Yes I am running this in VirtualBox and I intentionally assign one core less than I have so that commands like make -j $(nproc) does not entirely "kill" my laptop.

I hope this Wireshark log will help.

I had a running CSS with PV Formula: pva://topic1 and then I run ./example/O.linux-x86_64/mailbox topic1
mailbox-topic1.zip

Maybe not relevant but this is an error from CSS

2021-01-12T09:19:40.304+01 SEVERE [Thread 1] org.csstudio.logging.PluginLogListener (logging) - Unhandled event loop exception
java.lang.NullPointerException
	at org.diirt.support.pva.PVAChannelHandler.getProperties(PVAChannelHandler.java:314)
	at org.csstudio.diag.pvmanager.probe.DetailsPanel.setChannelProperties(DetailsPanel.java:214)
	at org.csstudio.diag.pvmanager.probe.DetailsPanel$1$1.run(DetailsPanel.java:194)
	at org.eclipse.swt.widgets.RunnableLock.run(RunnableLock.java:40)
	at org.eclipse.swt.widgets.Synchronizer.runAsyncMessages(Synchronizer.java:185)
	at org.eclipse.swt.widgets.Display.runAsyncMessages(Display.java:5026)
	at org.eclipse.swt.widgets.Display.readAndDispatch(Display.java:4582)
	at org.eclipse.e4.ui.internal.workbench.swt.PartRenderingEngine$5.run(PartRenderingEngine.java:1173)
	at org.eclipse.core.databinding.observable.Realm.runWithDefault(Realm.java:338)
	at org.eclipse.e4.ui.internal.workbench.swt.PartRenderingEngine.run(PartRenderingEngine.java:1062)
	at org.eclipse.e4.ui.internal.workbench.E4Workbench.createAndRunUI(E4Workbench.java:155)
	at org.eclipse.ui.internal.Workbench.lambda$3(Workbench.java:644)
	at org.eclipse.core.databinding.observable.Realm.runWithDefault(Realm.java:338)
	at org.eclipse.ui.internal.Workbench.createAndRunWorkbench(Workbench.java:566)
	at org.eclipse.ui.PlatformUI.createAndRunWorkbench(PlatformUI.java:150)
	at org.csstudio.utility.product.Workbench.runWorkbench(Workbench.java:99)
	at org.csstudio.startup.application.Application.startApplication(Application.java:265)
	at org.csstudio.startup.application.Application.start(Application.java:119)
	at org.csstudio.iter.css.product.ITERApplication.start(ITERApplication.java:120)
	at org.eclipse.equinox.internal.app.EclipseAppHandle.run(EclipseAppHandle.java:203)
	at org.eclipse.core.runtime.internal.adaptor.EclipseAppLauncher.runApplication(EclipseAppLauncher.java:137)
	at org.eclipse.core.runtime.internal.adaptor.EclipseAppLauncher.start(EclipseAppLauncher.java:107)
	at org.eclipse.core.runtime.adaptor.EclipseStarter.run(EclipseStarter.java:400)
	at org.eclipse.core.runtime.adaptor.EclipseStarter.run(EclipseStarter.java:255)
	at java.base/jdk.internal.reflect.NativeMethodAccessorImpl.invoke0(Native Method)
	at java.base/jdk.internal.reflect.NativeMethodAccessorImpl.invoke(NativeMethodAccessorImpl.java:62)
	at java.base/jdk.internal.reflect.DelegatingMethodAccessorImpl.invoke(DelegatingMethodAccessorImpl.java:43)
	at java.base/java.lang.reflect.Method.invoke(Method.java:566)
	at org.eclipse.equinox.launcher.Main.invokeFramework(Main.java:661)
	at org.eclipse.equinox.launcher.Main.basicRun(Main.java:597)
	at org.eclipse.equinox.launcher.Main.run(Main.java:1476)
	at org.eclipse.equinox.launcher.Main.main(Main.java:1449)

from pvxs.

mdavidsaver avatar mdavidsaver commented on June 9, 2024

I hope this Wireshark log will help.

It looks like you captured only the UDP (search) traffic.
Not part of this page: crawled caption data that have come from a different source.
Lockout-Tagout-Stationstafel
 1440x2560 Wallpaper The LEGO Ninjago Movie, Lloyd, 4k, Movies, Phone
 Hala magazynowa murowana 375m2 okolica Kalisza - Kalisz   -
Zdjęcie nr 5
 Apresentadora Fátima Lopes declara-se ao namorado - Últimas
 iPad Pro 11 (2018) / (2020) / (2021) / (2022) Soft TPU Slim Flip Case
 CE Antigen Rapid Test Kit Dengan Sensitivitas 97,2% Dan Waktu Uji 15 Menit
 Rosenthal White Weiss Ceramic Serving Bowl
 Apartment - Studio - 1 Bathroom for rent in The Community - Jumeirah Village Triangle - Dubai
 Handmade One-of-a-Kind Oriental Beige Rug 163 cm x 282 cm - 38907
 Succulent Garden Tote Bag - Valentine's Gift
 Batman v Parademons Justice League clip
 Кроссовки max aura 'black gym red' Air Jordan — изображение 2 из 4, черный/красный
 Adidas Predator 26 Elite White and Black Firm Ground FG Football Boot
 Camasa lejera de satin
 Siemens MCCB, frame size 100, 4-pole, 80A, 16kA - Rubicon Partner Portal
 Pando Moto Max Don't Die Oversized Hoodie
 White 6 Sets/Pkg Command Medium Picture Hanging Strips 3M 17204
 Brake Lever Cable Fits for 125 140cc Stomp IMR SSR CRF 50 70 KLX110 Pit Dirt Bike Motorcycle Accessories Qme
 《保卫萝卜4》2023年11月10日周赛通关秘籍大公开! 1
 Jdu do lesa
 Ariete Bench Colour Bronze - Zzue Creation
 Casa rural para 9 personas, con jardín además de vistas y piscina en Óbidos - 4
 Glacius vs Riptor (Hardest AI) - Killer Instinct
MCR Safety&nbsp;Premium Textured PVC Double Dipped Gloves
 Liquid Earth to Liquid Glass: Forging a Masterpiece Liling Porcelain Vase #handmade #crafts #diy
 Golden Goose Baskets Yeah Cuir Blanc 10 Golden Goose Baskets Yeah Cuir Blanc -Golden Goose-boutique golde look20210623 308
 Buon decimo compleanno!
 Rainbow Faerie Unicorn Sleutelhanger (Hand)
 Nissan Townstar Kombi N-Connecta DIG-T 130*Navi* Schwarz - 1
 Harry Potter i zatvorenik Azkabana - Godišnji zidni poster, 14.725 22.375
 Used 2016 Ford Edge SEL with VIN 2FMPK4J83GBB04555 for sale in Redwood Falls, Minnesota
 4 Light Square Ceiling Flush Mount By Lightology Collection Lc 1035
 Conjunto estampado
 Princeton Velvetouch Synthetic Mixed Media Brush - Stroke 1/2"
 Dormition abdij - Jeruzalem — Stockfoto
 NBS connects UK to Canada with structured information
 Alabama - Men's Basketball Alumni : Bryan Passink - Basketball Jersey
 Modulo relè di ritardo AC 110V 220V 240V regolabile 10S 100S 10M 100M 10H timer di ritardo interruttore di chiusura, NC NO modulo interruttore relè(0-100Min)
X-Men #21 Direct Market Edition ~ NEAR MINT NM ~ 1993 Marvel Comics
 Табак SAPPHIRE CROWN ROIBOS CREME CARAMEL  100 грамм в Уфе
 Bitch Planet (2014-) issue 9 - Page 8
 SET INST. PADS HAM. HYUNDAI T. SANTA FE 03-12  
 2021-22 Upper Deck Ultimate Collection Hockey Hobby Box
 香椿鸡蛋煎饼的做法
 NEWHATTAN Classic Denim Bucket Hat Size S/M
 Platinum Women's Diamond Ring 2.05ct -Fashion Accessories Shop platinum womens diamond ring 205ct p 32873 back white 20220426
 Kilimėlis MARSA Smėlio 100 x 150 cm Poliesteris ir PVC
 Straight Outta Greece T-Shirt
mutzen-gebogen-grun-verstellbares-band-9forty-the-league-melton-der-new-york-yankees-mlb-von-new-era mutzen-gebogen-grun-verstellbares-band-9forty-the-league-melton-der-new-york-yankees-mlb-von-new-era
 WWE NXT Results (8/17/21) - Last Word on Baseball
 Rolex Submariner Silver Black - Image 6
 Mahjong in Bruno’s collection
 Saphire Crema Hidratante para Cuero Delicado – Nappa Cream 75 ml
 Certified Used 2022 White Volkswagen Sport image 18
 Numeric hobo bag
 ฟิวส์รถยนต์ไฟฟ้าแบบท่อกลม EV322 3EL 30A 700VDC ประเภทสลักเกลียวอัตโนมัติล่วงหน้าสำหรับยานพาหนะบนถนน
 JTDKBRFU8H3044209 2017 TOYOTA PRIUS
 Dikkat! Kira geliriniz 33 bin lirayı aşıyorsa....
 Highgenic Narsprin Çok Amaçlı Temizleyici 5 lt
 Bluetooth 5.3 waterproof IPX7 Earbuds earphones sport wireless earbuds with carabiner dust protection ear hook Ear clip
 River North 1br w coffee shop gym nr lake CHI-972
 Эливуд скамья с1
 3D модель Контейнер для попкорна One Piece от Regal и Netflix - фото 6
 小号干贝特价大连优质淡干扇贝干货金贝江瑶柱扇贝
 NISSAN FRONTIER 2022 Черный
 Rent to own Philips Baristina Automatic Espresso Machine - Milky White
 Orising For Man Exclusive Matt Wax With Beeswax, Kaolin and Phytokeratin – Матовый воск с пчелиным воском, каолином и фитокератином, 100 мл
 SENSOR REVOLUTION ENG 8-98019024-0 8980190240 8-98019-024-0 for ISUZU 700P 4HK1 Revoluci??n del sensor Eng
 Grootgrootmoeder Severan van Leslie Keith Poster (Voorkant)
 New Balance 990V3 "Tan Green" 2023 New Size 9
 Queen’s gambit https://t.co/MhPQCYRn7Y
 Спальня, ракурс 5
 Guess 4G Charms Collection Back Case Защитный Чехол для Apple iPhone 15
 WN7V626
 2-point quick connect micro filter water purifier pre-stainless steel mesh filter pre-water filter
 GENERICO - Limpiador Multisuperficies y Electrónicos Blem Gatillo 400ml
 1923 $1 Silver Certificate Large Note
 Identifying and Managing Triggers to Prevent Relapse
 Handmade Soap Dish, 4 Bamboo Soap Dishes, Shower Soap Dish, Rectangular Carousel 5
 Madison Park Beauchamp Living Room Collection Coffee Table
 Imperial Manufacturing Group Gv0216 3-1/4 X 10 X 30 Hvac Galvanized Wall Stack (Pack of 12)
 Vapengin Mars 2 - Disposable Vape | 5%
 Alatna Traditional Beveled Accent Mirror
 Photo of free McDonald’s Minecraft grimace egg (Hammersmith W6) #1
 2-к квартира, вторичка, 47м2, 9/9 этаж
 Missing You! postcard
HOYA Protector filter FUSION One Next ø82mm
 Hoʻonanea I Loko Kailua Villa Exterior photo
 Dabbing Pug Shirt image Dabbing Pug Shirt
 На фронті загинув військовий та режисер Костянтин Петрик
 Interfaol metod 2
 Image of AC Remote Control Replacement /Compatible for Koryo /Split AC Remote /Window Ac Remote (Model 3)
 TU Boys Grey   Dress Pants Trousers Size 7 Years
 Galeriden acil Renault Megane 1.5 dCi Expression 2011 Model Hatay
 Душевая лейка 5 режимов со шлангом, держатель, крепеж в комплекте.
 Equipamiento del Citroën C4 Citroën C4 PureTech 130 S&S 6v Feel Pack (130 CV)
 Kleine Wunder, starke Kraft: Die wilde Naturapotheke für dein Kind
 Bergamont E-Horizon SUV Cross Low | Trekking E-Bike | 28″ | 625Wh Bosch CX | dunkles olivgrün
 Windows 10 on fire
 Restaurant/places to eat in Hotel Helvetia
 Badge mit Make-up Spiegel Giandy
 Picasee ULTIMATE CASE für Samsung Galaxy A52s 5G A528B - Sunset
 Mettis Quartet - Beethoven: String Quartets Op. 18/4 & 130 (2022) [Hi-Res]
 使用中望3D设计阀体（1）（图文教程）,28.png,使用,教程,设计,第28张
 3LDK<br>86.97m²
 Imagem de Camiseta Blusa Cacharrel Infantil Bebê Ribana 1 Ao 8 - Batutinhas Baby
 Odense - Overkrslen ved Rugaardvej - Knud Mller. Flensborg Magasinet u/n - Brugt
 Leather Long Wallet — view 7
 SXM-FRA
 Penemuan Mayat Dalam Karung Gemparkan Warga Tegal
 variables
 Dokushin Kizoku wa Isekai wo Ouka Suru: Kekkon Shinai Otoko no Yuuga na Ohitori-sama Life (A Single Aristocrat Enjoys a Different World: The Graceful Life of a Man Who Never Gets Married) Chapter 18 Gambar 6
The relevant part is the TCP traffic. I've added a section on packet capture to the documentation. Please let me know if this is helpful (and correct).

from pvxs.

mdavidsaver avatar mdavidsaver commented on June 9, 2024

I may have an idea of what is going wrong. Can you re-test with the master branch (at e9ce808)? If this doesn't fix the issue, I've also added some more detail to the error message which will hopefully give some further clue.

from pvxs.

karlosp avatar karlosp commented on June 9, 2024

I can confirm that the issue is fixed now.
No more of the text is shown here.